There are essentially three situational theaters in mainland ASEAN – Indochina, Thailand, and Myanmar – and the research will progress to examining each of these Hybrid War battlefields in that sequential order.
The first area to be studied is Indochina, taken to mean the former French colonies of Vietnam, Cambodia, and Laos. As with the other countries that have been geopolitically dissected thus far, it’s imperative that the reader first acquaint themselves with a relevant historical background prior to commencing the Hybrid War investigations.
This will imbue the individual with an understanding that allows them to recognize the utility of certain socio-political variables to the scenarios that are subsequently described.
The Indosphere Meets The Sinosphere:
Indochina lies precisely at the geographic convergence point of Indian and Chinese civilizations, and as such, there’s actually a clear delineation point between them inside this subregion. For the most part, Cambodia and Laos fell under Indian cultural influence and their historical kingdoms were “Indianized” to a broad extent, while Vietnam was under Chinese control for over a millennium from 111 BC to 938 AD.
The effect of these separate civilizational forces on such a small geographic area was to accentuate identity differences between these two adjacent parts, the legacy of which continues into the present day and is likely to once more become a driving factor in forthcoming events.
By itself, the civilizational separateness that “Indianized” Cambodia and Laos feel towards “Sinified” Vietnam wouldn’t coalesce into a sufficient agent for political action on its own, but the historical trend of Vietnamese expansionism at their expense (some of it subjectively so, other parts only perceived as such) reveals itself to be the catalytic cause.
Neither country outright rejects Vietnamese influence, nor are they in an economic position to do so even if they wanted to, but the point is that their history of relations with Vietnam undoubtedly plays a role in why these two states want to diversify away from their former mono-dependence on their neighbor (experienced from 1975-1991) and achieve a balance through complementary relations with civilizationally similar Thailand and economically expanding China.
Caught In The Middle:
Being situated between their larger Thai and Vietnamese neighbors, Cambodia and Laos have historically been under pressure from both of these powers and eventually turned into the object of their conquests.
The golden age that each of these modern-day states had prior to their submission came during the era of Cambodia’s Khmer Empire and Laos’ Lan Xang kingdom, stretching between 802-1431 and 1354-1707, respectively. After that, each of these once-glorious entities fell under the control of the Kingdom of Ayyuthaya, nowadays referred to as Thailand.
Vietnam didn’t become a significant player in the rest of Indochina until after it completed its centuries-long “Nam tiến”, which was the state’s piecemeal incorporation of the southern parts of the country that only ended in the early 1800s.

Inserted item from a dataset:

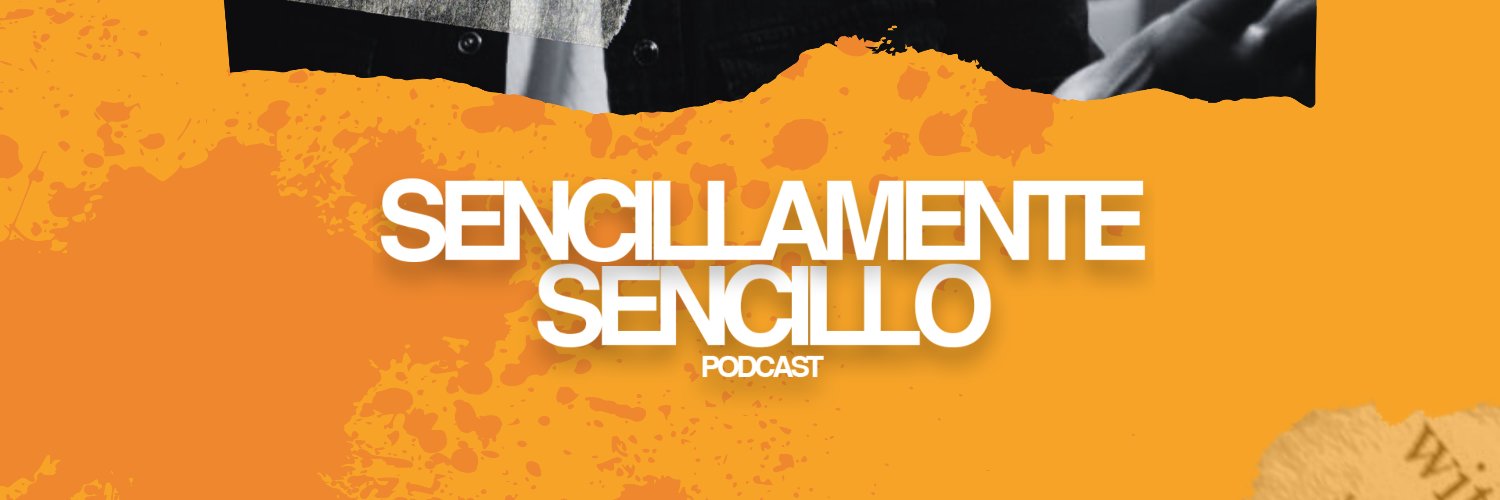 sencillamenteX's profile banner image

Siamese Ebb, Vietnamese Flow:
After Vietnam’s contemporaneous consolidation, it fought two wars with Thailand from 1831-1834 and1841-1845 over Cambodia, but the object of their mutual rivalry eventually requested French “protection” in 1867 and threw off both of its neighboring rivals.
It became France’s second colony after “Cochinchina”, the southern part of Vietnam, fell to an invasion and was occupied by the Empire a couple years earlier in 1862. Just a little over three decades later, Laos was added to the list of French conquests in 1893 following the Franco-Siamese War of the same year.

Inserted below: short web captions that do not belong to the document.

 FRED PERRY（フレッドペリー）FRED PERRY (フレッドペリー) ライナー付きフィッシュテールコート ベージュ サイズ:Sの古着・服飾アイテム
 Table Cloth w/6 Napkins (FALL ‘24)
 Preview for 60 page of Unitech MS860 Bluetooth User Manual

With their Indochinese imperial realm acquiring a great deal of strategic depth and coming to encompass almost the entirety of its eventual territory, the French were in a comfortable position to accelerate the economic exploitation of their colonies, with a concentrated focus on what is today Vietnam.

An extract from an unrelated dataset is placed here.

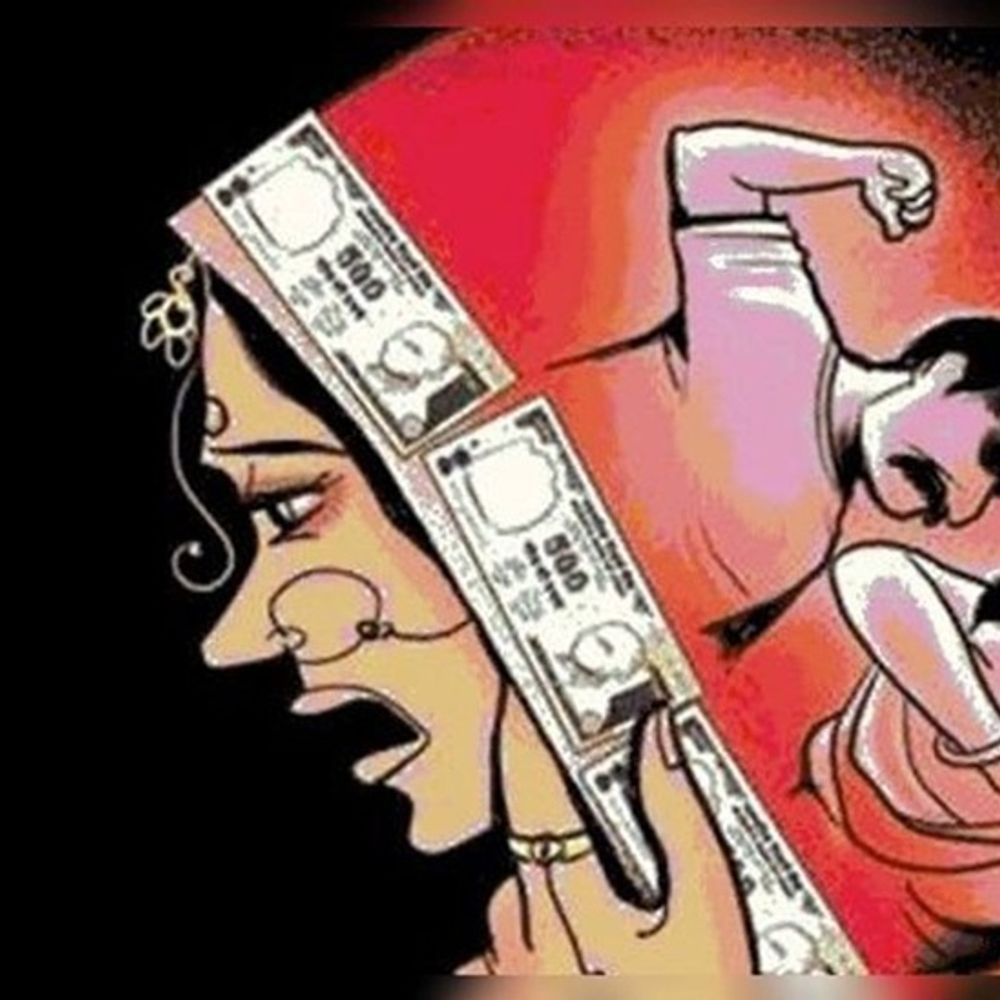 भिवानी की बेटी से चरखी दादरी में दहेज प्रताड़ना:एक साल पहले हुए थी शादी, पति ने मोटरसाइकिल तो सास-ननद ने गहने मांगे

It should be noted, however, that modern-day Vietnam was actually divided into three separate colonies by the French – Tonkin, Amman, and Cochinchina – but taken as an aggregate, Vietnam’s colonial economic output was much more valuable to Paris than Cambodia and Laos’.
The period of French Indochina was also the first time that these two states were grouped together under the same umbrella as Vietnam, heralding a state of affairs that would go on to continue with various ups and downs until the end of the Cold War.
World War II And Greater Thailand:
Indochina was largely spared from the ravages of Japan’s traditional wartime occupational practices, although by no means was it totally immune. Still, Tokyo had less of a militant presence in Vietnam, Cambodia, and Laos than it did in Indonesia and the Philippines, for example, and the entire territory of French Indochina remained under their control until the end of the war.
What’s notable about this period though isn’t necessarily the influence that Japan exercised over the former French colonies, but the role that Thailand played in reasserting its territorial claims eastward.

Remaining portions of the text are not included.